FOLHA DE SP - 15/05
Tentativas de manter o desemprego reduzido à custa de inflação alta produzem só mais inflação
Depois do insucesso dos últimos anos, nosso ministro da Fazenda, autodenominado "levantador de PIB", parece ter desistido do halterofilismo econômico.
Agora, diz o ministro, "a geração de empregos formais no país é tão ou mais importante do que o PIB".
Caso algum dos 18 leitores tenha uma epifania com a imagem de uma raposa desprezando um suculento cacho de uvas, peço que não se culpe pelo clichê.
Também passei por isso e concluí que o problema não era meu, mas do ministro, que não consegue escapar dos clichês nem quando o país enfrenta uma situação inédita.
Ou melhor: não consegue escapar deles principalmente quando o país enfrenta uma situação inédita.
De fato, o ministro -conhecido na imprensa internacional como o duende previsor- prometia até há pouco crescimento acelerado do PIB e, publicamente, fez pouco de previsões do setor privado que apontavam para um desempenho muito inferior àquele por ele garantido.
Agora, finalmente percebendo o otimismo exagerado das suas "previsões", tenta, de forma nada discreta, um recuo, nem tático nem estratégico, apenas lento o suficiente para não passar (muita) vergonha, mas rápido o bastante para não parecer provocação.
À parte o constrangimento provocado por esse triste espetáculo, o preocupante é a dificuldade do governo em entender o que vem ocorrendo, em particular a vagarosa retomada do crescimento num cenário em que a inflação permanece alta e pressionada.
Essa combinação é o resultado típico de uma economia que enfrenta restrições pelo lado da oferta. Não se trata, é bom deixar claro, dos tais "choques de oferta" aos quais uns tantos ainda atribuem (contra um caminhão de evidências em contrário) a aceleração da inflação.
Essas limitações refletem problemas mais sérios e persistentes, como o esgotamento da disponibilidade de mão de obra, que permitiu a aceleração do crescimento a partir da segunda metade da década passada, bem como o nível reduzido do investimento, em particular em infraestrutura.
Posto de outra forma, o desempenho recente sugere que a capacidade de crescimento sustentável do Brasil é muito inferior àquilo que imaginávamos.
No entanto, se há economistas capazes de entender o problema, não estão no Ministério da Fazenda, que permanece ainda preso à visão que atribui o fraco crescimento à demanda deficiente.
Não por outro motivo as medidas tomadas com o objetivo de acelerar a expansão da economia têm como foco precisamente a demanda, como incentivos ao consumo e uma considerável expansão fiscal, seja pela via da desoneração tributária, seja pelo aumento do gasto federal, com ênfase no gasto corrente.

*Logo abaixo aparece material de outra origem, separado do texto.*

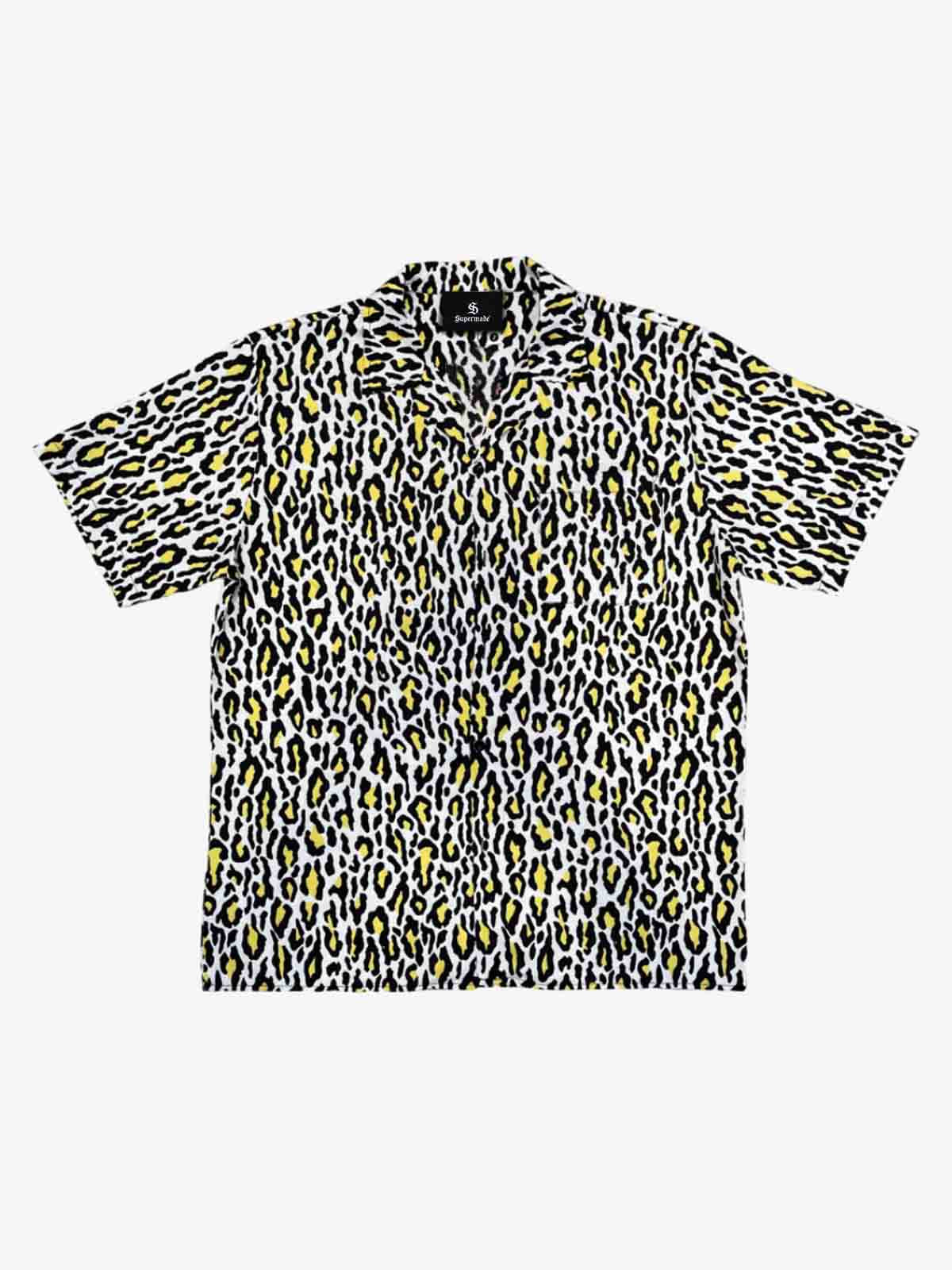 Revelse™  Faux Fur Leopard Print Boxy Shirt Green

E, não por outro motivo, fracassaram fragorosamente na tarefa de trazer o crescimento para qualquer nível próximo daquele que o governo havia estabelecido como seu objetivo no começo do mandato.
Sem as uvas do PIB, restam, portanto, as passas do desemprego na lista de realizações governamentais.

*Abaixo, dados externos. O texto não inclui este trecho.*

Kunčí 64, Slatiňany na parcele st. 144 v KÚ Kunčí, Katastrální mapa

Nada mal para quem, como eu, as aprecia, mas aí precisamos saber se a façanha é sustentável, ou se, pelo contrário, acaba gerando novos problemas que inviabilizem sua permanência.
No caso, como tive a oportunidade de argumentar diversas vezes neste espaço, a elevação dos salários por conta do mercado de trabalho apertado, a um ritmo muito acima do crescimento da produtividade, tem sido um dos principais fatores impulsionando a inflação.
Apesar disso, é muito pouco provável que essa questão venha a ser abordada, sobretudo às vésperas da eleição.
Isso dito, a teoria econômica e a experiência histórica sugerem que se trata de uma situação insustentável. Tentativas de manter o desemprego reduzido à custa de inflação alta produzem apenas mais inflação sem ganhos persistentes de emprego.
Cedo ou tarde, mesmo as passas ficarão verdes e não haverá fabulista capaz de escrever uma história convincente sobre o desempenho brasileiro.